Information on the James, the brother of David Atlee Phillips: http://www.miskatonic.org/rara-avis/archives/200101/0027.html

Also: http://www.shawnphillips.com/photovideo/photogallery/PHJames.htm

---------- Forwarded message ---------- Date: Wed, 27 Dec 2000 22:32:42 +0700 From: "From the Cluttered Desktop of:" < cjade@ksc.th.com> To: jurnum@utu.fi Subject: James Atlee Phillips

Dear sir

I'd be delighted to contribute what I can about my friend James Atlee Phillips, as your list's information about him seems quite limited.

James was born in 1915 in Fort Worth to a prominent Texas family, which later fell on hard times. His first novel, THE OUTSIDERS, was an expose about the Dallas country club set and is quite hard to find (read: suppressed.) It was published in the mid-1930s. Dallas Library keeps it under lock and key to this day.

James learned to fly when quite young. He worked as a publicist in New York for Walter Winchell and Billy Rose, wrote a detective novel in 1939, and joined Claire Chennault's Flying Tigers.

After Pearl Harbor he enlisted in the US Marines. After WWII he was a senior staffer for Leatherneck Magazine, then spent some time in intelligence work. He ran Amphibian Airways in Burma between '47 and '54, under contract to the Burmese Government, and we can guess who else. His very first Joe Gall novel, PAGODA, was based on these experiences, and was published in the 50s in hardcover long before the Fawcett paperback 'Contract' series started up. It was basically autobiographical. James' photo adorned many of the back covers of the Fawcett paperbacks.
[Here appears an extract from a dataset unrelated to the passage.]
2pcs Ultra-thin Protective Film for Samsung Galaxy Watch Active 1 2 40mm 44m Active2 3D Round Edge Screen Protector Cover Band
It is unclear whether or not James recruited his younger brother David into the Agency or whether it was the other way around, or unrelated (unlikely!) David was recruited in Chile c.1950 where he had emigrated to, after purchasing a printing business and an English language newspaper. He had previously been a Army Air Corps NCO and was a POW in a German luftstalag. He wrote a play about his POW experienced, which was accepted for Broadway production, but 6 weeks before opening night STALAG 17 opened, and blew David's dramatic career out of the air...David strongly resembled James.

James also wrote two succesful screenplays. One was THUNDER ROAD, which starred Robert Mitchum as a moonshine runner and Gene barry as an Alcohol & Tobacco Tax Division (IRS) agent out to nail him. There was a famous theme song to this film.

The other was BIG JIM MCLAIN, and was John Wayne's first independent production. Wayne at first employed his house writer, James Edward Grant, best remembered for THE ALAMO. However, there were problems, Grant was a natorious drunk, and Wayne was shooting this turkey of a movie entirely on location in Hawaii at a cost of $50,000 a day (big money then.) Grant climbed into his bottles, sat in the hotel bar and wouldn't budge. Wayne pleaded with him to no avail, Grant told him (rather precognitively) to get cancer. Finally Wayne sent for James Atlee Phillips. Phillips agreed to write the script, which he did in 10 days with the film being shot as it rolled off his typewriter. Afterwards James refused to accept payment; he told me this frightened Wayne's lawyers so much that they met the Honolulu flight at LAX and insisted he sign a quit-claim.

The film, which is a potboiler about a House Un-American Activities Committee investigator chasing Commies in Hawaii, was a low point in everyone's careers. Worth a mention was a very young Peter Graves as Wayne's assistant who is murdered by the sinister forces from Moscow Center.

As James related to me, he collected on the favor John Wayne owed him. A buddy from the Flying Tigers days in China ended up in a Taiwanese prison for smuggling opium. This n'eer-do-well appealed for help from James, who squeezed John Wayne, who squeezed Dwight D.Eisenhauer, who squeezed Generalissimo Chiang Kai-shek -- who James utterly despised. The sentence was commuted. And that's how John Wayne paid for the script to BIG JIM MCLAIN. The fellow in question was the model for 'Captain Nash', in James' novels PAGODA and THE STAR RUBY CONTRACT also set in Burma.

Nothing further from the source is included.